In the Seven Years' War, William Pitt the Elder undertook, besides the great designs which built the British Empire, several extravagantly expensive miniature military exploits, for which his opponents hotly criticized him. They said he was "breaking windows with guineas." In the last three weeks Great Britain has pulled off three strange baby invasions apparently as pointless as Pitt's exercises seemed to those critics. And before them had gone a whole series of similar raids--none of which was officially announced. But the British contended that this time they were throwing brickbats around, not just money; this time they claimed there was method in trivialities.

Last month a small British naval force appeared off the barren, waterless, craggy, four-square-mile Italian rock of Castellorizo, near the Dodecanese Islands--two miles off the Turkish coast and 60 miles from Rhodes (where the Germans were this week reported to have sent Stuka dive-bombers). After brief opposition, the British forced a landing and took the islet.
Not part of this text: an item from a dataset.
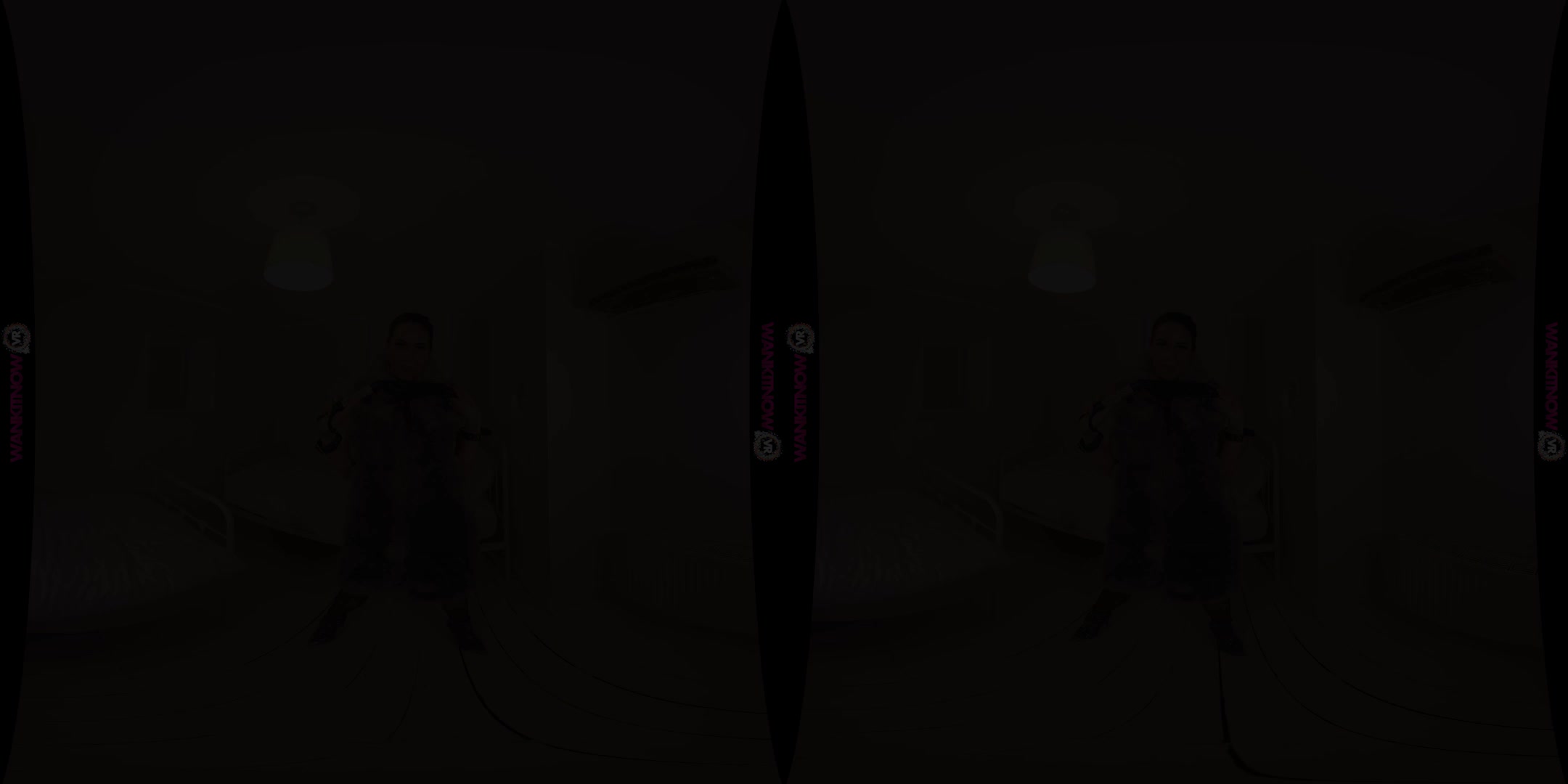 Get Naked featuring Roxxy Lea - WankitNowVR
About 48 hours later they withdrew. The British said the island had been fitted as a seaplane base. Wiping the base out was object enough for the raid. It was, furthermore, excellent practice in landing troops.

Shortly after the Castellorizo raid, another force was said to have turned the same stunt on little Caso Island, in the Dodecanese near Crete.
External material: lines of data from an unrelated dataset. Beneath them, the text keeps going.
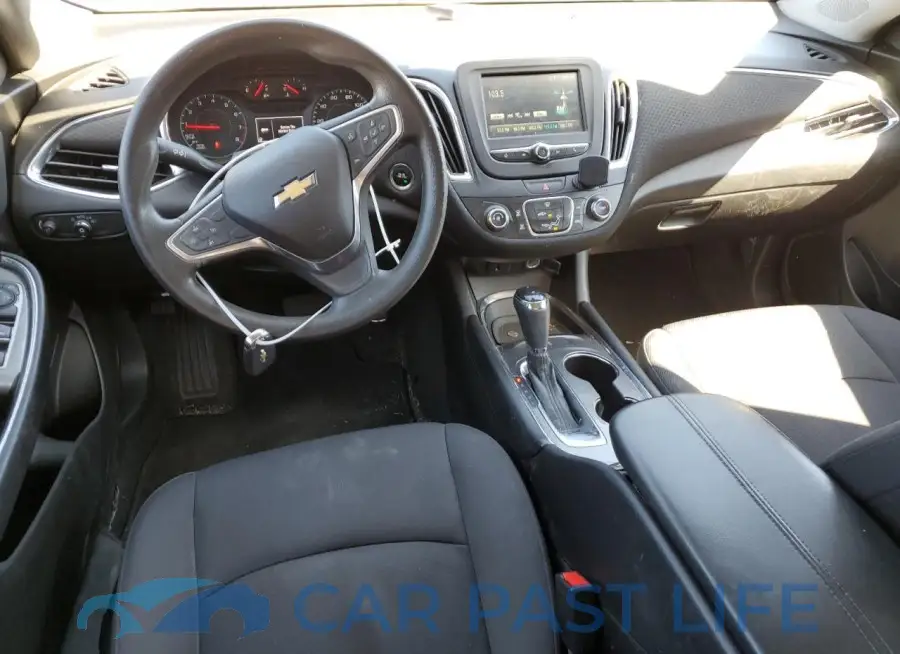 1G1ZD5ST1JF121868# 8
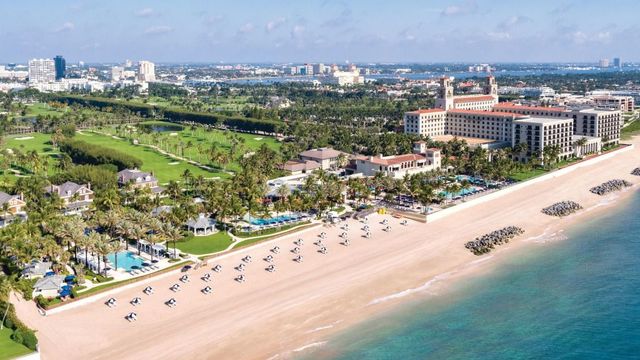 Strand und Außenansicht vom The Breakers Palm Beach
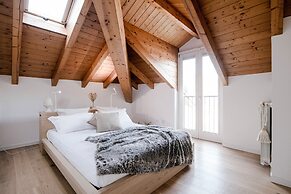 MyHomeInComo - Modern Luxury Attic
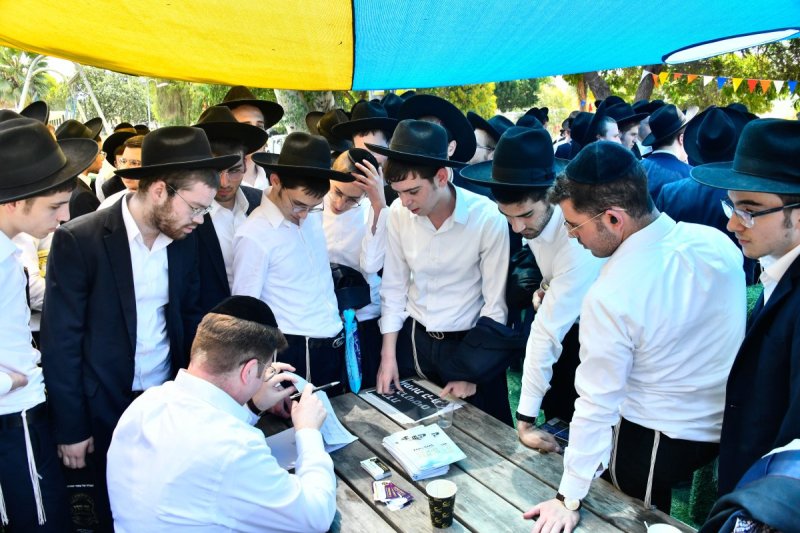 שוקי לרר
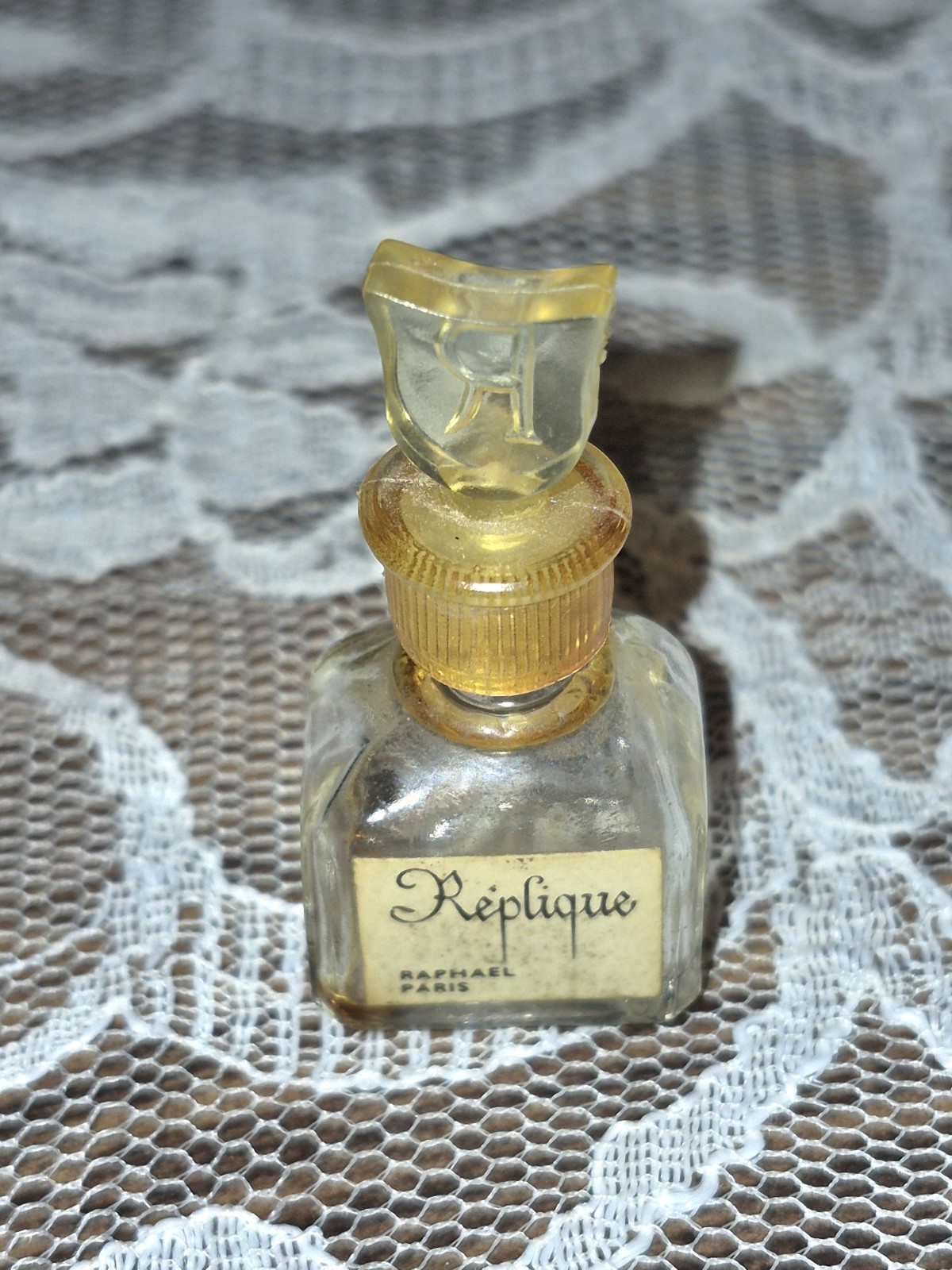 Raphael Paris REPLIQUE Vintage Perfume Bottle Made in France empty Raphael Paris REPLIQUE Vintage Perfume Bottle Made in France empty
Last week, far to the north, the British did it again--this time, on a slightly bigger scale. In foggy weather naval units attacked the port of Svolvoer, in the Lofoten Islands, off Narvik, Norway, and then withdrew. "No military importance whatever," the Germans said; "a propaganda maneuver ... a mere bagatelle ... a typical Don Quixote stroke, which could only be carried out by a country sunk as low as England."
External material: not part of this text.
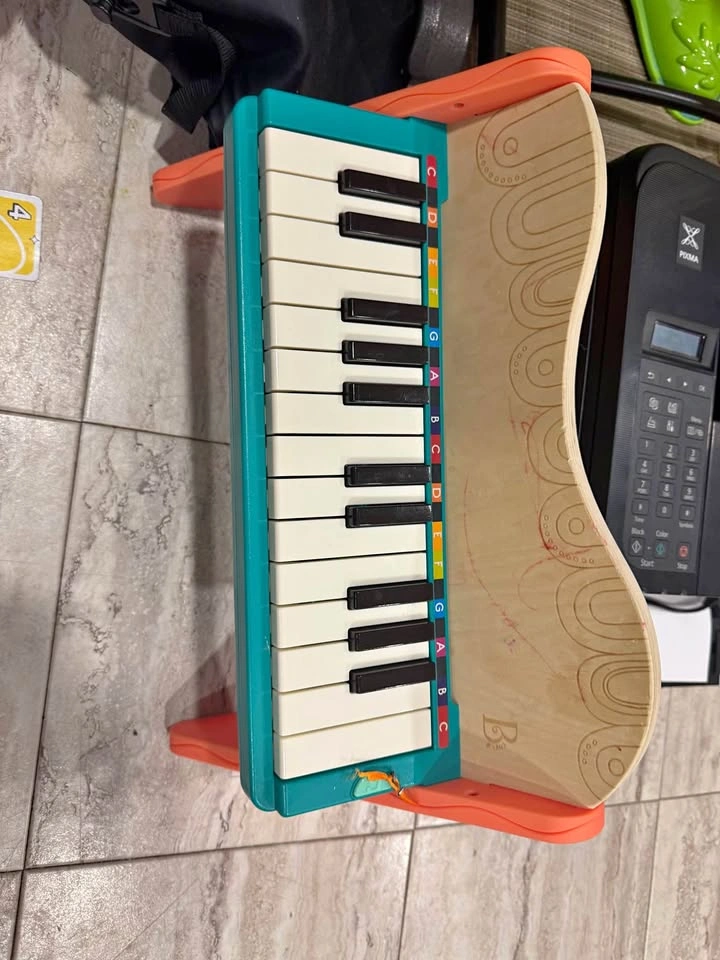 Piano toy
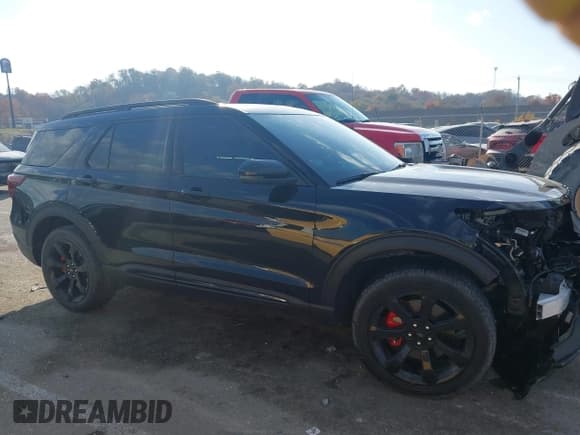 ✅ 2023 Ford Explorer ST • VIN: 1FM5K8GC9PGA26088 • Lot: 43704091. Wystawiony na IAAI z przebiegiem 41 033 mil. Bezpłatny archiwum sprzedaży aukcyjnych z USA i szczegółowy raport historii pojazdu na DreamBid. Zdjęcie 13.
And yet the British were able to announce the destruction of fish-and whale-oil plants; the sinking of eleven ships totaling 18,000 tons, including an armed trawler and a good-sized supply ship; the capture of 215 Germans and ten Quislingist Norwegians; the carrying off of 300 Norwegian patriots who wanted to fight for Britain; and--here was the propaganda--the distribution to Norwegians of food, cigarets, chocolates, wool yarn and high heart. From Stockholm it was reported that the Germans answered this bagatelle with considerable fury: by fining the Svolvoerans 100,000 crowns, burning the homes of the escaped patriots, arresting some who abetted the British.

In Britain the raid did much to offset the depression caused by Nazi successes in the Balkans. The raiders were greeted as heroes. They reached home laden with souvenirs: framed photographs of Hitler and Goring, swastikas, the flag of the supply ship. The proud possessor of the flag spread it across his chest and said: "The hardest fight I had was to get this flag, and the fellows who provided the competition were my comrades."

Castellorizo, Caso and Svolvoer were refinements of a technique of raids for sabotage, espionage and prisoners which the British have been developing ever since the fall of France. Last summer they trained French-speaking members of a Thames Estuary long-distance swimmers' club for raids on the French coast. These men rode most of the way across the Channel in torpedo boats, then swam ashore with bundles of French peasant clothing strapped to their heads, and car ried out destructive missions on railroads, telegraph lines, power plants. A private and a major landed in France with a Ford which they had carried across on the prow of a torpedo boat, drove to Paris, two nights later recrossed the Channel. Month ago parachutists landed in Italy, apparently caused a tie-up in South Italian communications. Most extraordinary raid for prisoners took place at the French resort town of Le Touquet early in November. The British landed a small force which entered a dance hall, arrested 40 German officers, marched them down the streets to the harbor, embarked and got away with out firing a single round.